All Tabs No Tabs
I have a ton of internet tabs open. The most tabs. It’s just the way I operate now.
On another older browser, I had hundreds of internet bookmarks, all sorted into folders. Sometimes I return to them. Some websites are missing now.
I’ve run out of bookshelf space. It’s gross. I’d like to burn the books.
A few months ago, at a coffee shop, I sat outside in the sun, surrounded by others drinking coffee. I overheard a conversation between an older businessman and a fresh intern, or new hire, or something. The older businessman began giving him advice, telling him how the industry ran and what to expect for his job. And the new hire took out a notebook and started writing it down.
“No!” the businessman said, “if you don’t get it here,” while patting his stomach, “then you don’t get it at all.”
I sympathize with the new hire. I also understand the businessman, and I want to understand the gap between them, reflecting from my own experience.

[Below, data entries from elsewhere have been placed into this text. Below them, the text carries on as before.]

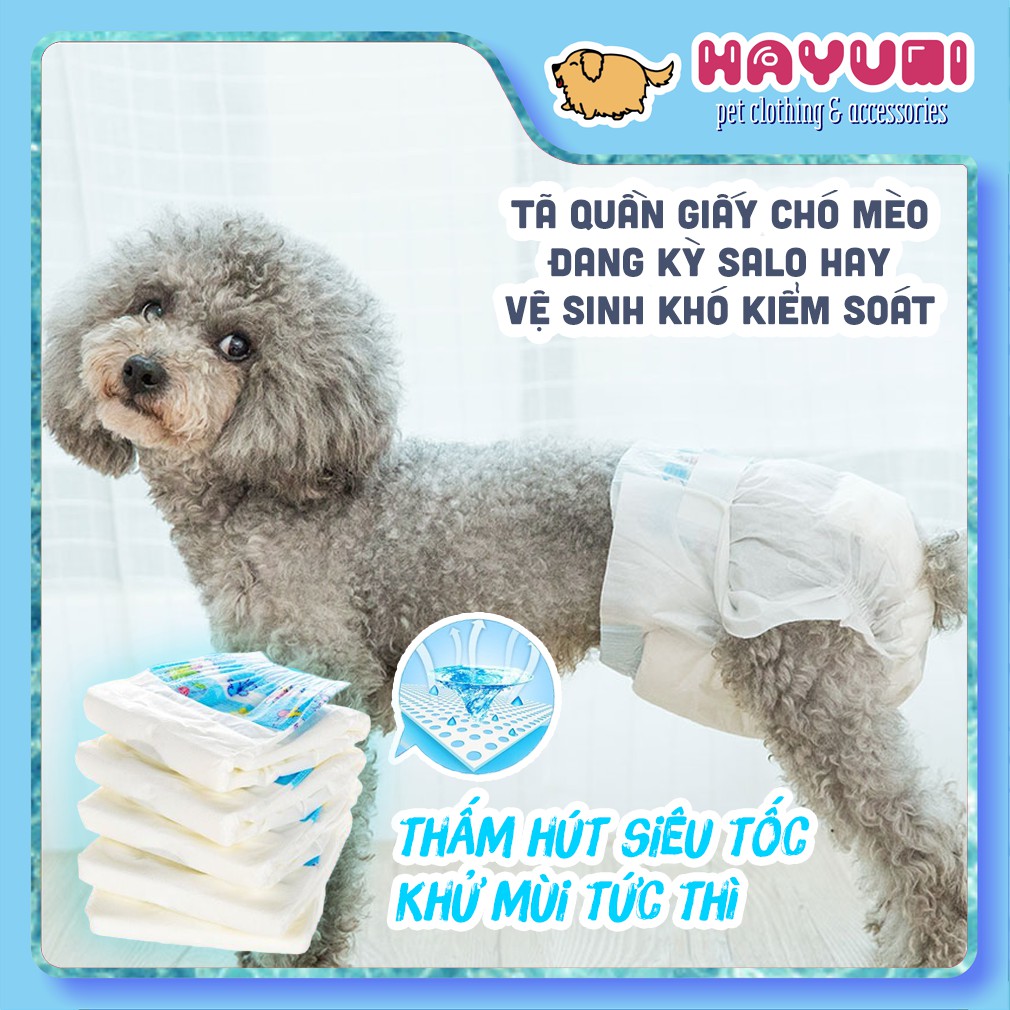 TÃ QUẦN (BỈM) GIẤY CHO CHÓ MÈO (KỲ SALO, VỆ SINH KHÓ KIỂM SOÁT)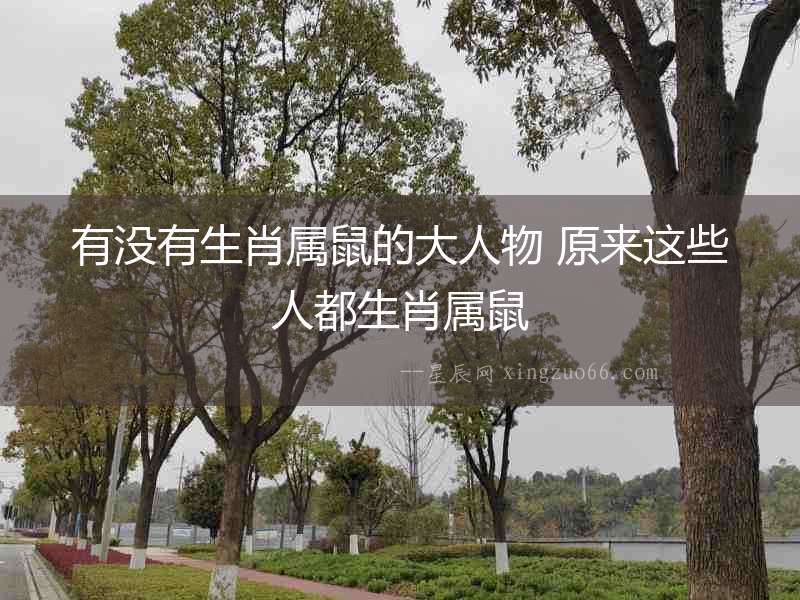 有沒(méi)有生肖屬鼠的大人物 原來(lái)這些人都生肖屬鼠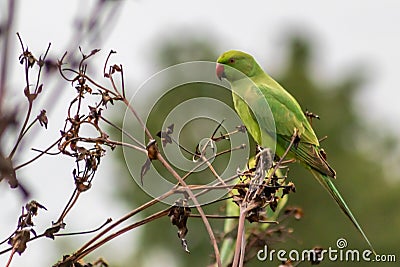 Green ring-necked parakeets with red beak and green feathers are exotic invaders in european nature with curious intelligence Stock Photo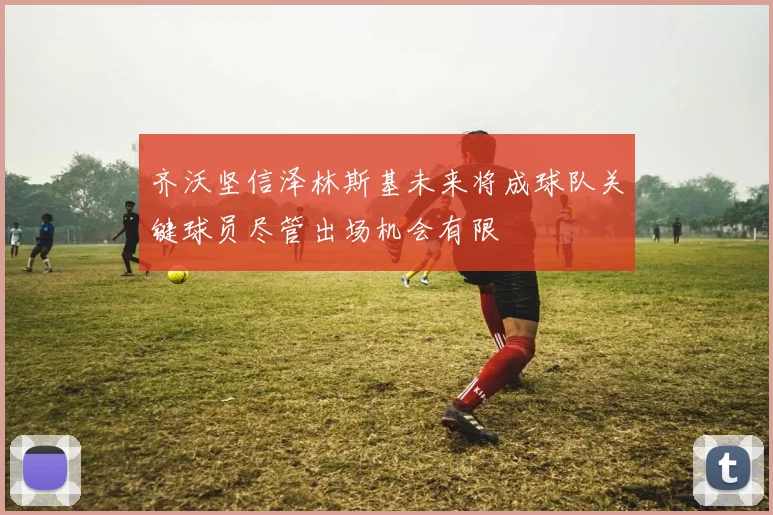 齐沃坚信泽林斯基未来将成球队关键球员尽管出场机会有限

For the longest time, I would have been in the businessman’s shoes, trusting that knowledge will seep its way into some form of intuition. It is, I imagine, similar to experiencing a culture of oral transmission, where texts aren’t fixed into journals, but ephemerally imprinted into the memories of listeners. It opens the way for a hermeneutic of trust.
But, the position of the new hire is closer to my own experience now, placing a statement into a text. I can return to this text and question it, broadening its terms or striking it down. Maybe it’s a cynical approach, because I cannot trust the statements of the person across from me; but I also cannot trust my body to hold its knowledge so precisely.

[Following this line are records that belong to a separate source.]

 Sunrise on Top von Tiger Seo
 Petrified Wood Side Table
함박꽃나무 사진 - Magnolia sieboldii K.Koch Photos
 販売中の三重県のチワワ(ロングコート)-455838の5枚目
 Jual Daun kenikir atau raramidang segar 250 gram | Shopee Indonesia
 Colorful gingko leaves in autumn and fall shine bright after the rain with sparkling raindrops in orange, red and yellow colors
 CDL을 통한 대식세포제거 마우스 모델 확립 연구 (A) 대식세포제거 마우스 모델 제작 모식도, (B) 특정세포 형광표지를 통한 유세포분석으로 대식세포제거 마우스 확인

It’s hard to learn to speak from the gut again. It requires that what I say is no longer scrutinized as true or untrue, that I give up the methodological rigor in something as mundane as a dinner table conversation, that I can trust the people around me to be forgiving if I mess up, and charitable if I say something that’s outside of their beliefs. And it requires the same for myself—that I can forgive myself if I am do not have complete knowledge of something, that I can believe from my gut that I might not be able to conceptualize, that I can relax and just be, knowing that, with the support of those around me, who I am is enough. It rebuilds the hermeneutic of trust. Or just trust.

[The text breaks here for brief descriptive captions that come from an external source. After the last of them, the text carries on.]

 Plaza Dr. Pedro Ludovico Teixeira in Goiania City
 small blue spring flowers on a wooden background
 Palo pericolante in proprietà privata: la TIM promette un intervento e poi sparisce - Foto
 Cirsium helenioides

So, even if that businessman’s statements deserve attention and scrutiny (for he really just regurgitated nonsense as if it were gospel), I close the tabs and close the books for now, knowing that his statements are as thin as fog anyways. And I know that a memory enacted through my body is my own, so that no tabs nor bookmarks nor books nor texts are required to contest something that never rang true in the first place.